The meeting for council to vote on the measure could be held as early as next Tuesday.

Meanwhile, councillor Eric Stork is planning to put forward a separate motion at the November council meeting to mandate the city to prepare a formal evaluation of the forest located just west of the Fairview Pointe Claire shopping centre, which is currently included in development freezes imposed by both the city and the Communauté métropolitaine de Montréal.

Both motions would require support of a majority of council to move forward.

“I would like to see an expression from the Pointe Claire community on green spaces,” Thomas said in an interview with The 1510 West.

The public consultation process designed to guide and inform updates of the city’s urban plan has side-stepped public discussion of the fate of the woodland, with Thomas calling that “a glaring omission.”

As for Stork, he said the first order of business should be to determine the value of the green space.

“I want a proper evaluation of the cost,” said Stork in an interview with The 1510 West. “What is it worth?”

Stork, who admittedly is skeptical of the financial viability of preserving the land from development as it is located at the doorstep of a REM light commuter rail station on the north side of Highway west of St. Jean Blvd., said it’s time for action. The evaluation, he said, should include an environmental assessment, the city’s legal options if it opts to expropriate, other options for financing and an assessment of opportunity costs of not developing the land.

Both moves by elected officials in Pointe Claire come weeks after members of the Save Fairview Forest group, a grassroots movement of residents from Pointe Claire and the surrounding area, launched an email campaign aimed at the city’s council urging them to pronounce themselves on whether they favour preserving the forest.

Geneviève Lussier, a spokesperson for the Save Fairview Forest Group, said she is pleased with the moves being announced, adding that the recent flurry of emails sent to elected officials were meant to remind them of the promise they had made to protect 30 per cent of the city’s territory as green space, a target set by all levels of government, including the CMM, provincial and federal.

Currently, only 9 per cent of Pointe Claire’s territory is protected green space. Preserving the 43-acre forest would still leave the city with a green space deficit, well short of the 30-per-cent target. In fact, Lussier said, if all the natural spaces left on the island of Montreal were saved, it would still fall short of the target.

“There is very little social acceptability to cutting down a forest in an urban setting, even half a forest, especially in a place that is going to see such an influx of people” Lussier said, referring to the proposed development for the parking lot area of Fairview mall.

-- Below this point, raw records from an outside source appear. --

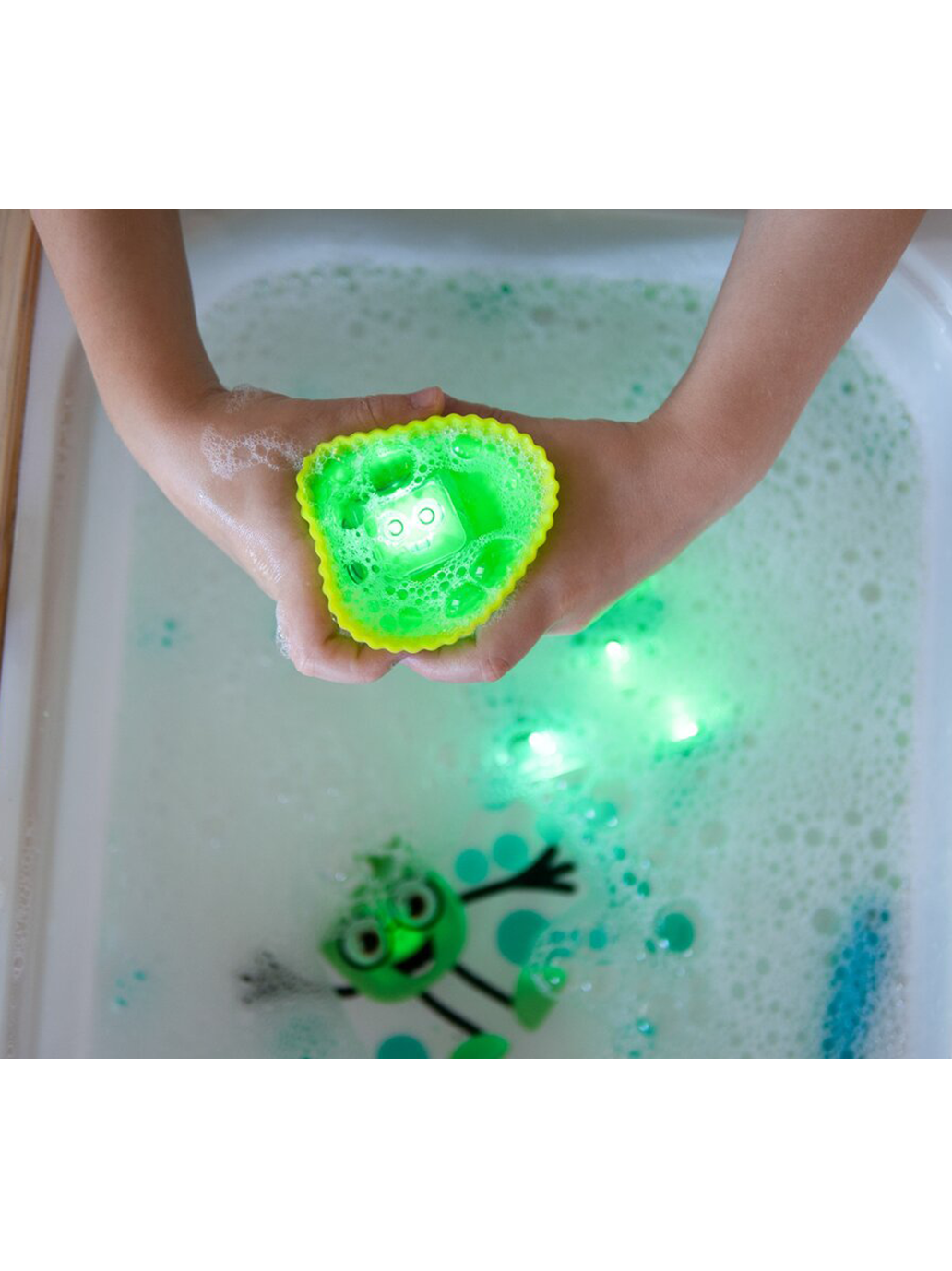 Giochi d&#39;acqua sensoriali Cubi luminosi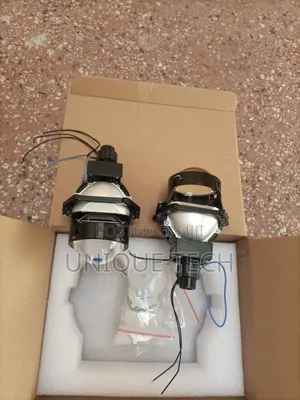 2.5 Inch Bi Led Laser Projector With 5d Halo Rings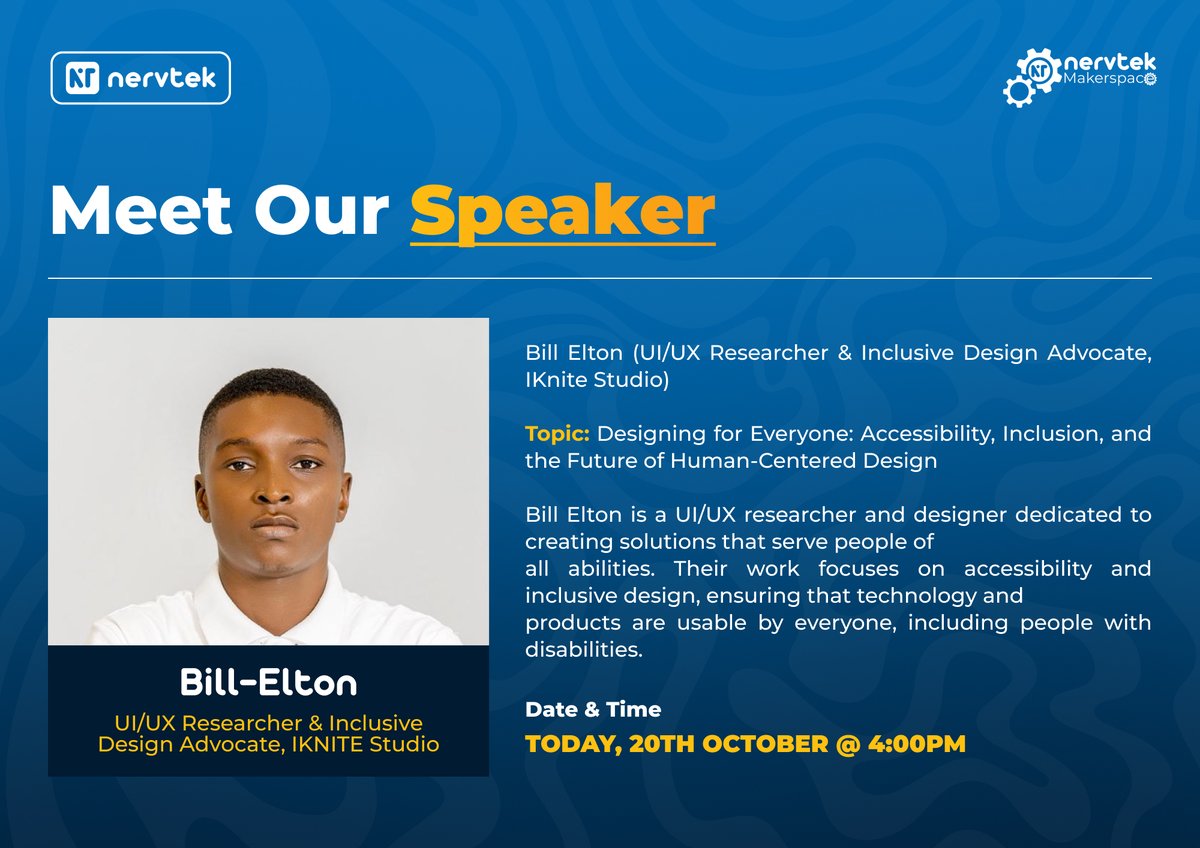 Nervtek Makerspace tweet media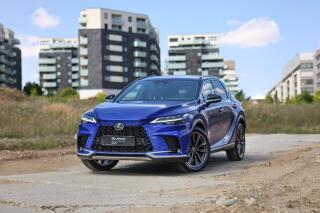 Lexus RX 350h 350H 2.5 HEV F SPORT DESIGN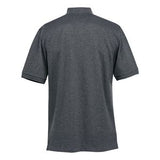 CHARCOAL HEATHER BACK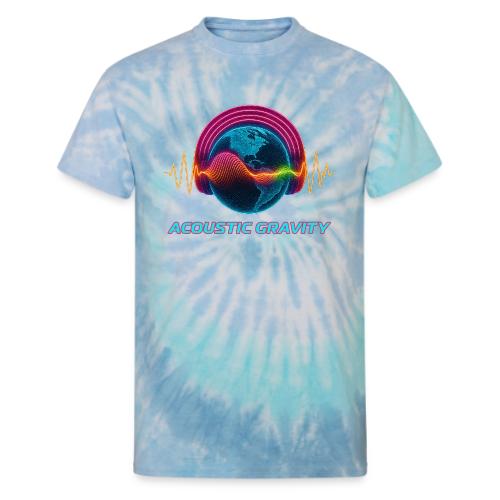 Earth's Headphones - Unisex Tie Dye T-Shirt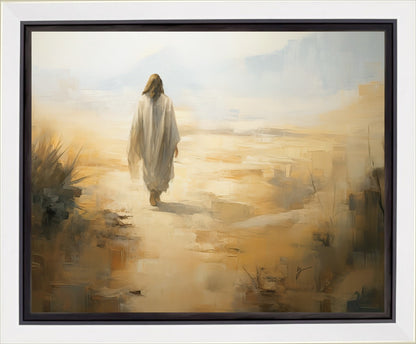 Embracing The Whispers of Solitude Gallery Wrap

“Downtown West Island needs a central park,” Lussier added. And there is no better place for it than Fairview Forest.”

Stork said he will present a resolution directing Pointe Claire’s administration to commission an evaluation of the land, as well as an environmental assessment of the woodland, an outline of the implications of expropriation and the related opportunity costs of not moving forward with development. As Stork put it: “an assessment of all the variables.”

He called the city’s inaction to date on this issue “Irresponsible,” pointing to Thomas’s support for preserving the forest, without taking any steps to determine the viability of the option.

“It’s irresponsible to say ‘I want to save it, I want to save it,’ and not do anything about it,” Stork said.

“We can’t just stick our head in the sand. I am coming clean on this issue,” he added. “We have to address this.”

Earlier in the week, councillor Bruno Tremblay expressed his views on how the discussions about the fate of the woodland always focus on the purely financial issues.

“I am disappointed with the narrow focus of the question, which is unilaterally economic,” Tremblay said during the Oct. 1 Pointe Claire council meeting.

“That perspective is an old one,” he explained, adding: “It’s the way we used to think about things. We used to think strictly about the economics of these matters.

“As the storms that are ravaging the east coast – from Florida up to us now – this is becoming a societal issue. It’s becoming a problem.

“The federal government has maintained that we are undergoing a climate emergency. You act when there is an emergency,” Tremblay continued.

“There are legal avenues that are taking shape in this province that allows cities to be able to protect some of the green heritage that they have. That has to be included in the discussion.”

Tremblay issued a call to action: “I think it’s time – here at this table and in the audience and in Pointe Claire generally – those of us who make up the social fabric of this particular city, that we get together and start thinking creatively about how we are going to have to be able to save these kinds of areas.”

Lussier said any evaluation of the forest should also include a briefing on how recent amendments to Quebec’s Bill 39, which gives municipalities greater powers to protect natural environments, can impact moves to save the forest.